篇首语：本文由小常识网(cha138.com)小编为大家整理，主要介绍了Elasticsearch：Analyzer 在 Python 中的运用相关的知识，希望对你有一定的参考价值。

在今天的文章中，我来介绍如何在 Python 中使用 Analyzer。有关 Analyzer 的文章，请参考 “Elastic：菜鸟上手指南” 中的 “中文分词器介绍” 部分介绍。

安装

我们首先来安装 Elasticsearch 及 Kibana。你可以参考 “Elastic：菜鸟上手指南” 中的文章来安装 Elasticsearch 及 Kibana。你可以参考文章 “Elasticsearch：IK 中文分词器” 来安装 IK 中文分词器。千万要记得安装分词器后，要重新启动 Elasticsearch。

我们可以参考文章 “Elasticsearch：使用 Jupyter Notebook 创建 Python 应用导入 CSV 文件” 来设置自己的 Python 及 Jupyter 环境。

展示

我们首先创建一个叫做 analyzer 的 notebook。
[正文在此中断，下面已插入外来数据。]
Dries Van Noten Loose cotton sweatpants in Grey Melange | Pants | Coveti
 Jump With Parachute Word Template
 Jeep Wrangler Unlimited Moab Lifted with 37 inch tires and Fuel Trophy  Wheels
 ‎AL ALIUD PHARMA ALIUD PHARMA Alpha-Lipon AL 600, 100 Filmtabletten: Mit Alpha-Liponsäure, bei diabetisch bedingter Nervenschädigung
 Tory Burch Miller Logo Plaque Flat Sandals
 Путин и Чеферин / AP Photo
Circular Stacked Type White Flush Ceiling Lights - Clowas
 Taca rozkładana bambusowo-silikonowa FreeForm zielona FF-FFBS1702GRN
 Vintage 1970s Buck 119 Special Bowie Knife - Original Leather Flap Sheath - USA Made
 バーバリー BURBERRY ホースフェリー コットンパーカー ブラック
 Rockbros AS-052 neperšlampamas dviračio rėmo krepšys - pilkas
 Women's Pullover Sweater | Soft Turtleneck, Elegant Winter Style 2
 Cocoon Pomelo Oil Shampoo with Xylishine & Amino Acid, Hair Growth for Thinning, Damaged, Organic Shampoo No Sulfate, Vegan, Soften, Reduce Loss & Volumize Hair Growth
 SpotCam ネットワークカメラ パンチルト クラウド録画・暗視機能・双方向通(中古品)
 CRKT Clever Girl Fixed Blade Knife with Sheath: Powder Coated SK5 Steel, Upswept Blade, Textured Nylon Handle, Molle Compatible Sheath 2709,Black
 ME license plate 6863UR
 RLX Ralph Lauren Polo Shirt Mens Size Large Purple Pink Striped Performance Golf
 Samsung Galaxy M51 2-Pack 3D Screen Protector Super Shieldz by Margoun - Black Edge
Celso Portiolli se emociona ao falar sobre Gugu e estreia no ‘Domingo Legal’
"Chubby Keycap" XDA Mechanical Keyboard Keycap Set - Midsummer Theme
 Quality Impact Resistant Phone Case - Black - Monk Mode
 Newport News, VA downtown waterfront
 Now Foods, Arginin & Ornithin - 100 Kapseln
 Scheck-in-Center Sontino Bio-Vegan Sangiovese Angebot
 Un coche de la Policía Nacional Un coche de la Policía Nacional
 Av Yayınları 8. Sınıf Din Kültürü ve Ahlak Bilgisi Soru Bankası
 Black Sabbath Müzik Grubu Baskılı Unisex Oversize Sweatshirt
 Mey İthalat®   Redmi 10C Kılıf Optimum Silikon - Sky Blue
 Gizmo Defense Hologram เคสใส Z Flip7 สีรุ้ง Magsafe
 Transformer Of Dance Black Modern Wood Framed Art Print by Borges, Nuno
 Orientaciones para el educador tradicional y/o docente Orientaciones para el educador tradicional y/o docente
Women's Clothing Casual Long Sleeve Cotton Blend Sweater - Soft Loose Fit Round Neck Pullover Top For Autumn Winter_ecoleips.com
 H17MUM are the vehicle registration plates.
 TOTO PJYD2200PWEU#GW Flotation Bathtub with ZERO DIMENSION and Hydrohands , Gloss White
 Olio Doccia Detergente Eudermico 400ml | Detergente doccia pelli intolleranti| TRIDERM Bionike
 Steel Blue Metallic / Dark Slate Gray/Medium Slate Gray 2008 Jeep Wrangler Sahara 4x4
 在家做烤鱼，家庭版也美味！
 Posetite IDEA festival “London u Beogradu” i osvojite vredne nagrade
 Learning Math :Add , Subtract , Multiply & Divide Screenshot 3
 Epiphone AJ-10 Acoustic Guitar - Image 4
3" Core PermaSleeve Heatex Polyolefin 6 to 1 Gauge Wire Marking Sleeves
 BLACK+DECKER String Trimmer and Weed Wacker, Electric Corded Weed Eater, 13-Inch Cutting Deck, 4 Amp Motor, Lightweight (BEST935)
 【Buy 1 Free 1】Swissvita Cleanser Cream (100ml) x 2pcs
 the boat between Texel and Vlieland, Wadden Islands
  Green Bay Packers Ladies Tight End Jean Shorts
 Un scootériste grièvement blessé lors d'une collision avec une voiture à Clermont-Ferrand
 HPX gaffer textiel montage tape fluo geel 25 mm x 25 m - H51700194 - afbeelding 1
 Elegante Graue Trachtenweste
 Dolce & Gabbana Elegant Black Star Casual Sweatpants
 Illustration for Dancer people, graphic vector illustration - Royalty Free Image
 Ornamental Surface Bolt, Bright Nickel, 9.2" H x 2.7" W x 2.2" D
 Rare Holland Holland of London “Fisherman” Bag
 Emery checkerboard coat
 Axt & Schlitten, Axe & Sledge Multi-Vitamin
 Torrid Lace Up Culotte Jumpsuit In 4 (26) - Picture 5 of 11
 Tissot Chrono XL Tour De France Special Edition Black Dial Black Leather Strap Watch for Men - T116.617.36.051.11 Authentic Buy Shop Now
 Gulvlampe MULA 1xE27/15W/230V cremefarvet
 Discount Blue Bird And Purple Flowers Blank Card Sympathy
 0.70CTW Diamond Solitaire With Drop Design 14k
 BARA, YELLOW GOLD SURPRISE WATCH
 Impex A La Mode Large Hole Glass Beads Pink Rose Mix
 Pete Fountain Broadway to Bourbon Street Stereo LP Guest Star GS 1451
我们输入如下的代码：

try:
    from elasticsearch import Elasticsearch 
    
    print("All Modules Loaded ! ")
except Exception as e:
    print("Some Modules are Missing {}".format(e))

关于 Elasticsearch 自带的 analyzer 的描述可以在官方文档 Built-in analyzer reference | Elasticsearch Guide [master] | Elastic

我们接下来创建和 Elasticsearch 的连接：

def connect_elasticsearch():
    es = None
    es = Elasticsearch([{'host': 'localhost', 'port': 9200}])
    if es.ping():
        print('Yupiee  Connected ')
    else:
        print('Awww it could not connect!')
    return es
es = connect_elasticsearch()
es.ping()

我们尝试各种 built-in 的 analyzer：

analyzers = {"standard", "simple", "whitespace", "stop", "keyword", "pattern", "fingerprint"}
for analyzer in analyzers:
    res = es.indices.analyze(body={
        "analyzer": analyzer,
        "text": "This is exactly what I want"
    })
    
    print("======", analyzer, "=======")
    for i in res['tokens']:
        print(i['token'])
    print("\\n")

我们来试一下中文的分词器：

es.indices.analyze(body= {
    "analyzer": "ik_smart",
    "text": "我爱北京天安门"
})

试一下 standard 分词器：

es.indices.analyze(body= {
    "analyzer": "standard",
    "text": "This is most wonderful career in my life"
})

body = {
    "settings": {
        "number_of_shards": 1,
        "number_of_replicas": 0
    },
    "mappings": {
        "properties": {
            "text": {
                "type": "text",
                "fields": {
                  "english": { 
                    "type":     "text",
                    "analyzer": "whitespace"
                  }
                }
            }
        }        
     }
}
# create index
es.indices.create(index="my_index", ignore=400, body=body)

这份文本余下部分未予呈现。